Pour terminer ce tour d’horizon, il nous faut évoquer la formation continue (Executive Education). Ce sont des programmes de durée plus courte, spécialisés, focalisés sur un domaine comme le marketing, la finance ou encore la comptabilité. Ils sont dispensés à plusieurs personnes d’une même entreprise (programmes dits intra ou sur mesure) ou à plusieurs personnes d’entreprises différentes (inter). Ces programmes font aussi l’objet de classement.
Cocorico !
Au final certains journaux établissent des "méta-classements" qui combinent tous ces types de formation en gestion (dans le cas du Financial Times le palmarès général est une synthèse de 5 classements publiés chaque année par le journal : le MIM/MSc, le MBA temps plein, l’Executive MBA, les programmes de formation continue interentreprises et sur mesure). Ainsi HEC a pu se prévaloir du titre honorifique de meilleure Business School européenne puisque l’institution cumule les podiums pour chacune des formations référencées. Il convient de noter néanmoins que certaines institutions prestigieuses sont absentes sur certaines créneaux du classement ce qui ne les favorise pas (ex. : la London Business School, l’IMD de Lausanne ou l’INSEAD n’ont pas de MIM, l’ESCP n’a plus de MBA, l’ESSEC n’a pas de MBA référencé dans le classement...).

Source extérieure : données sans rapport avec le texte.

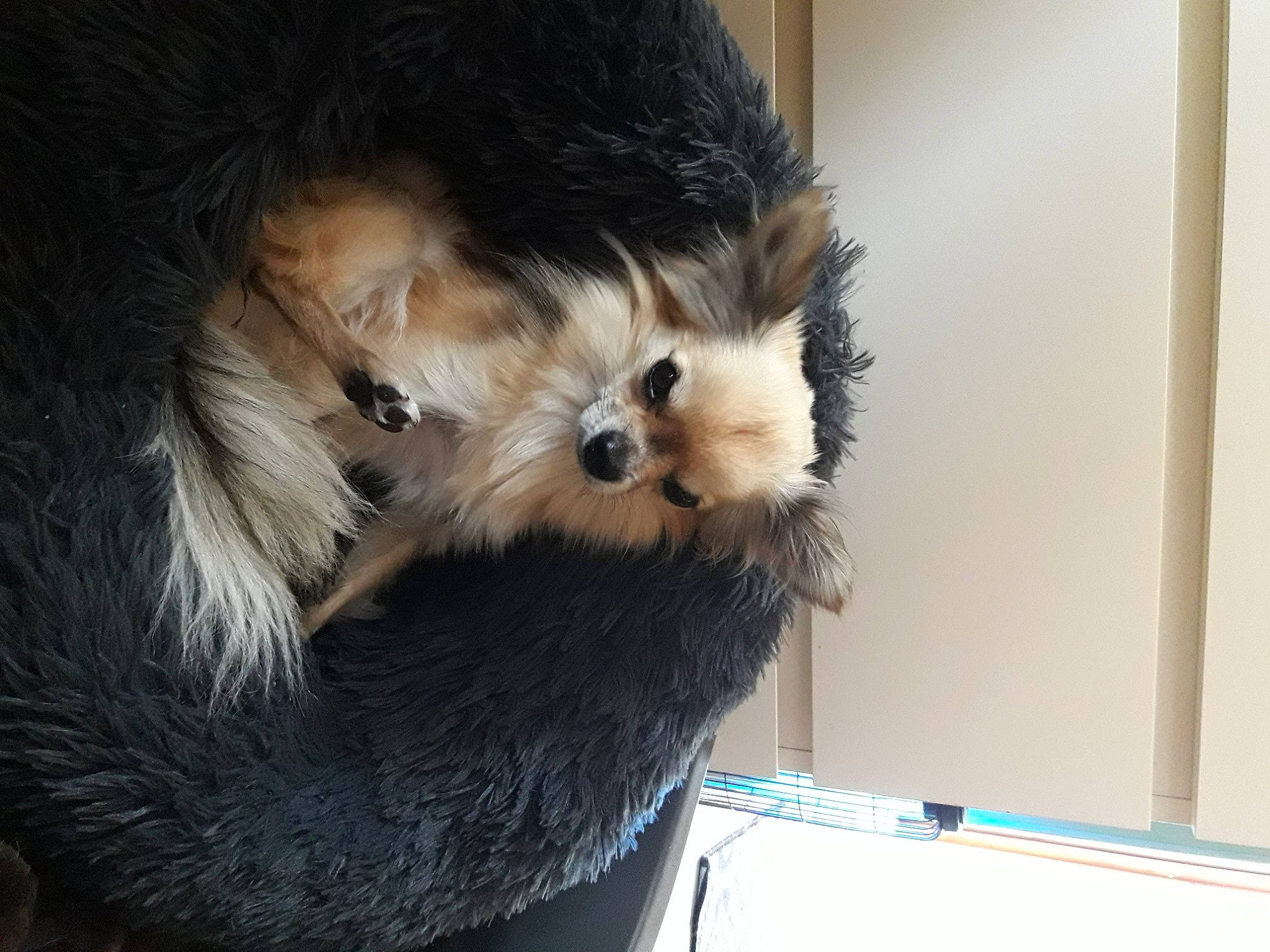 Popeye participe au concours pour gagner de l'argent avec cette photo : carnivore, claw, companion_dog, corgi_chihuahua, dog, dog_breed, fawn, felidae, fur, paw, puppy, small_terrier, small_to_medium_sized_cats, spitz, sporting_group, tail, terrier, toy_dog, whiskers, yorkshire_terrier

Globalement on peut donc dire les Grandes Ecoles françaises sont très bien classées lorsque leurs programmes sont pris en compte.
Alors comment choisir ? On peut considérer que toutes Grandes Ecoles en tête des classements dispensent des formations de qualité. Pour le Programme Grande Ecole, on peut alors continuer à se fier à l’immuable hiérarchie ou privilégier une approche plus « fine » en regardant dans le détail les cursus, les spécialisations ou encore les parcours des diplômés. Aussi, si l’on peut faire des reproches significatifs aux Grandes Ecoles (formatage, manque d’ouverture aux classes moyennes et populaires...), elles remplissent très bien leur rôle essentiel : fournir une formation diplômante qui débouche sur un emploi avec de réelles perspectives. En outre, la reconnaissance internationale permet à leurs diplômés de travailler facilement à l’étranger ou au sein de groupes internationaux. En ces temps où l’enseignement supérieur français est souvent stigmatisé (parfois à tort, car dans des secteurs comme l’informatique, la finance ou encore les bio-technologies nous avons d’excellentes formations) cela valait d’être rappelé.
* on notera que, le plus souvent, ce sont les écoles elles-mêmes qui fournissent les informations qui sont utilisées pour les classements. D’ailleurs, on peut parfois s’interroger sur leur fiabilité (salaires notamment). On peut aussi s’interroger sur les liens - publicité - entre les institutions et les supports qui les classent.
PS : les Grandes Ecoles ont développé des possibilités d’admission sur titre. Nous n’avons pas traité ici les problématiques spécifiques qui peuvent s’y rapporter.